Data Platforms and Performance - Part 7 ECP for performance, scalability and availability

One of the great availability and scaling features of Caché is Enterprise Cache Protocol (ECP). With consideration during application development distributed processing using ECP allows a scale out architecture for Caché applications. Application processing can scale to very high rates from a single application server to the processing power of up to 255 application servers with no application changes.

ECP was used widely for many years in TrakCare deployments I was involved in. A decade ago a 'big' x86 server from one of the major vendors might only have a total of eight cores. For larger deployments ECP was a way to scale out processing on commodity servers rather than a single large and expensive big iron enterprise server. Even the high core count enterprise servers had limits so ECP was also used to scale deployments on them as well.

Today most new TrakCare deployments or upgrades to current hardware do not require ECP for scaling. Current two-socket x86 production servers can have dozens of cores and huge memory. We see that with recent Caché versions TrakCare -- and many other Caché applications -- have predictable linear scaling with the ability to support incremental increases in users and transactions as CPU core counts and memory increase in a single server. In the field I see most new deployments are virtualised, even then VMs can scale as needed up to the size of the host server. If resource requirements are more than a single physical host can provide then ECP is used to scale out.

  • Tip: For simplified management and deployment scale within a single server before deploying ECP.

In this post I will show an example architecture and the basics of how ECP works then review performance considerations with a focus on storage.

Specific information on configuring ECP and application development is available in the online Caché Distributed Data Management Guide and there is an ECP learning track here on the community.

One of the other key features of ECP is increasing application availability, for details see the ECP section in the Caché high availability guide.


A list of other posts in this series is here


ECP Architecture Basics

The architecture and operation of ECP is conceptually simple, ECP provides a way to efficiently share data, locks, and executable code among multiple server systems. Viewed from the application server data and code are stored remotely on a Data server, but are cached in memory locally on the Application servers to provide efficient access to active data with minimal network traffic.

The Data server manages database reads and writes to persistent storage on disk while multiple Application servers are the workhorses of the solution performing most of the application processing.

Multi-tier architecture

ECP is a multi-tier architecture. There are different ways to describe processing tiers and the roles they perform, the following is what I find useful when describing web browser based Caché applications and is the model and terminology for my posts. I appreciate that there may be different ways to break down tiers, but for now lets use my way :)

A browser based application, for example using Caché Server Pages (CSP) uses a multi-tier architecture where presentation, application processing, and data management functions are logically separated. Logical 'servers' with different roles populate the tiers. Logical servers do not have to be kept on separate physical host or virtual servers, for cost effectiveness and manageability some or even all logical servers may be located on a single host or operating system instance. As deployments scale up servers may be split out to multiple physical or virtual hosts with ECP so spreading the processing workload as needed without change to the application.

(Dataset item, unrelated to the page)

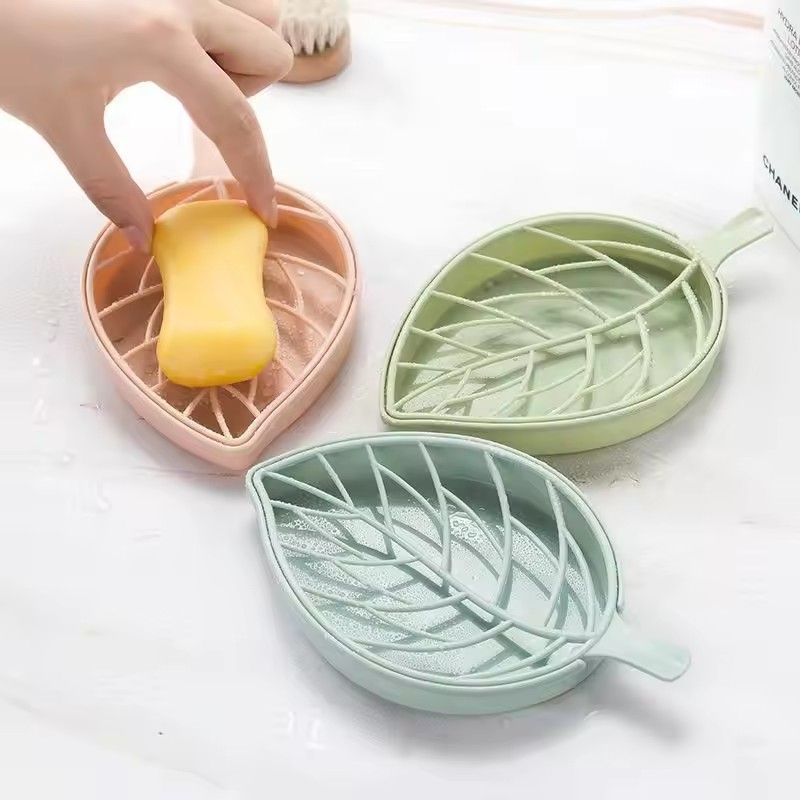 3PCS Concise Design Green Leaf Shape Soap Dish Tray Creative Plant Plastic Soap Saver Holder Household Bathroom Washing Supplies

Host systems may be physical or virtualised depending on your capacity and availability requirements. The following tiers and logical servers make up a deployment:

  • Presentation Tier: Includes the Web Server which acts as gateway between the browser-based clients and the application tier.
  • Application Tier: This is where the ECP Application server sits. As noted above this is a logical model where the application server does not have to be separate from the Data server, and are typically not required to be for all but the largest sites. This tier may also include other servers for specialised processing such as report servers.
  • Data Tier: This is where the Data server is located. The data server performs transaction processing and is the repository for application code and data stored in the Caché database. The Data Server is responsible for reading and writing to persistent disk storage.

Logical Architecture

The following diagram is a logical view of a browser based application when deployed as a three-tier architecture:

Although at first glance the architecture may look complicated it is still made up of the same components as a Caché system installed on a single server, but with the logical components installed on multiple physical or virtual servers. All communication between servers is via TCP/IP.

ECP Operation in the logical view

Starting from the top the diagram above shows users connecting securely to multiple load balanced web servers. The web servers pass CSP web page requests between the clients and the application tier (the Application servers) which perform any processing, allowing content to be created dynamically, and returns the completed page back to the client via the web server.

In this three-tier model application processing has been spread over multiple Application servers using ECP. The application simply treats the data (your application database) as if it was local to the Application server.

When an Application server makes a request for data it will attempt to satisfy the request from its local cache, if it cannot, ECP will request the necessary data from the Data server which may be able to satisfy the request from its own cache or if not will fetch the data from disk. The reply from the Data server to the Application server includes the database block(s) where that data was stored. These blocks are used and now cached on the Application server. ECP automatically takes care of managing cache consistency across the network and propagating changes back to the Data server. Clients enjoy fast responses because they frequently use locally cached data.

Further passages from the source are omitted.